Every time that meme was posted, we were confused by the over-rotation towards AI infra investments (vs app-layer investments) when history suggested it was still early.
The following is obviously a simplification, but the cycle with the web played out something like this:
Technical breakthroughs at the network/storage/compute layers that laid new technical foundations
Next, app developers built new, magical experiences on top of those foundations and pushed the boundaries of what’s possible. And as they did, it exposed unforeseen cracks in the foundation.
Another layer emerged in between to fill those gaps and optimize the developer experience, which helped those apps scale to greater heights.
When the cloud took off with Web 2.0, apps got more powerful — but also more complex to build, run, and secure. That created massive demand for a new generation of infrastructure companies.
IVP backed several of them, like Crowdstrike, Datadog, Rubrik, Hashi, AppDynamics, and PureStorage. Today, these companies are worth more than $200B today (realized market cap, not private valuations). And by backing them, we learned a few things:
The most significant outcomes often come from problems no one notices — until something breaks.
Shifts in building and delivering software always create room for new platform winners.
When adoption starts, the best tools scale faster than any company before, and become embedded everywhere.
Right now, that cycle has begun for Web 4.0. The only difference is that it’s happening much faster than ever.
We’re already starting to see some magical applications built on those foundations, like Perplexity, Abridge, Glean, DeepL, Cradle, and Laurel. It used to take these kinds of companies three or four years to really scale. With AI, we’re seeing this happen in six months. And just like in the past, these apps expose problems that will be solved by the emerging generation of infra companies.1
So what’s broken today, and what new products do we need to fix it? This list constantly changes, but we’re focused on six key areas for now:
Fast, scalable model deployment
AI models are powerful, but getting them into real-world products is still surprisingly hard.

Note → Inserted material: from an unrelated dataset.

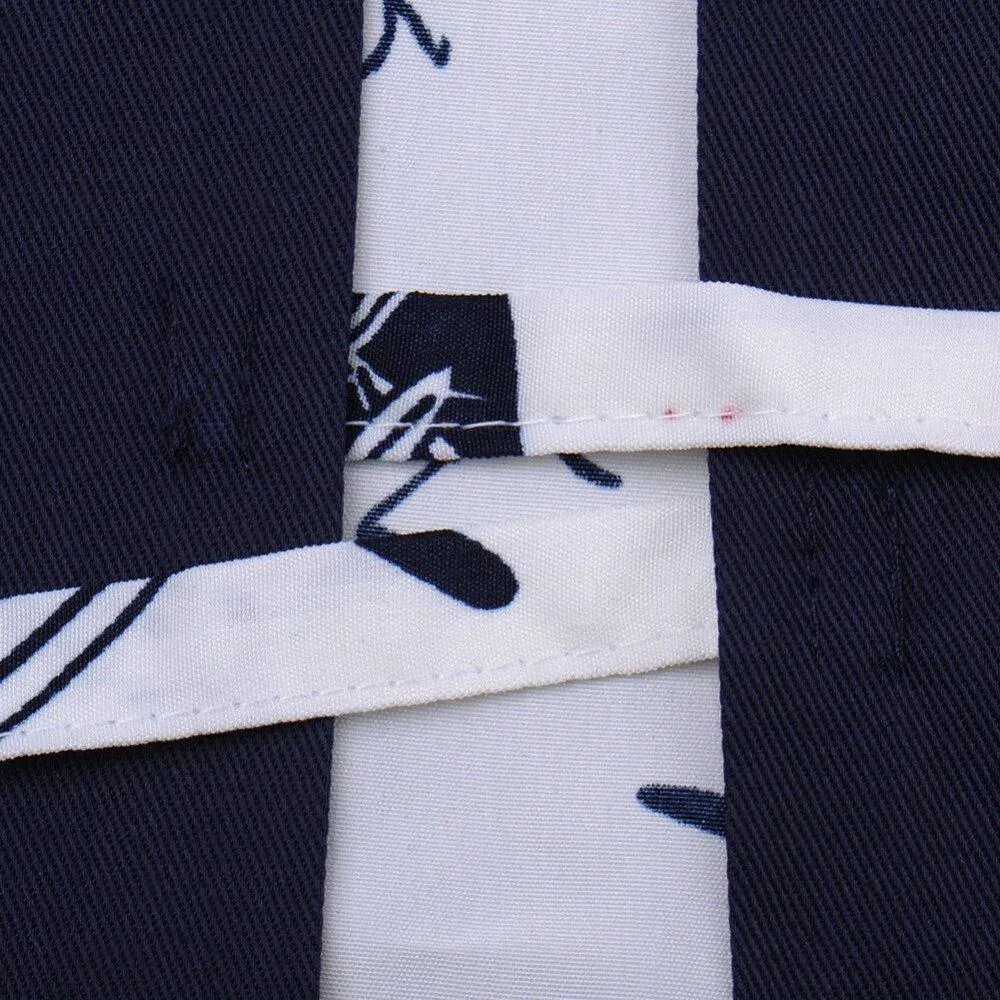Japon style Veste chef Kudanshita veste cuisine coton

We’re fortunate to be investors in Baseten, which makes it easy for developers to quickly, reliably, and securely roll out AI models to their customers and build these magical application experiences.
Observability for the thinking web
If machines are making decisions, we need to know why. You can’t just monitor uptime anymore — you need to monitor reasoning. Why did the system take that action? What data did it see?
Agent authentication and authorization
Trust is the new frontier. If software is acting on your behalf, how do you prove it's doing what you asked for—and not being misused? We need secure delegation, agent identity, permissions, and audit trails—an entirely new layer of digital trust.
Protocols for agent collaboration
All these systems need to talk to each other. In a human-run world, we built simple APIs. In a machine-run world, we need inter-agent protocols that extend and interact with APIs. MCP adoption is exploding, but we likely haven’t seen the final form here.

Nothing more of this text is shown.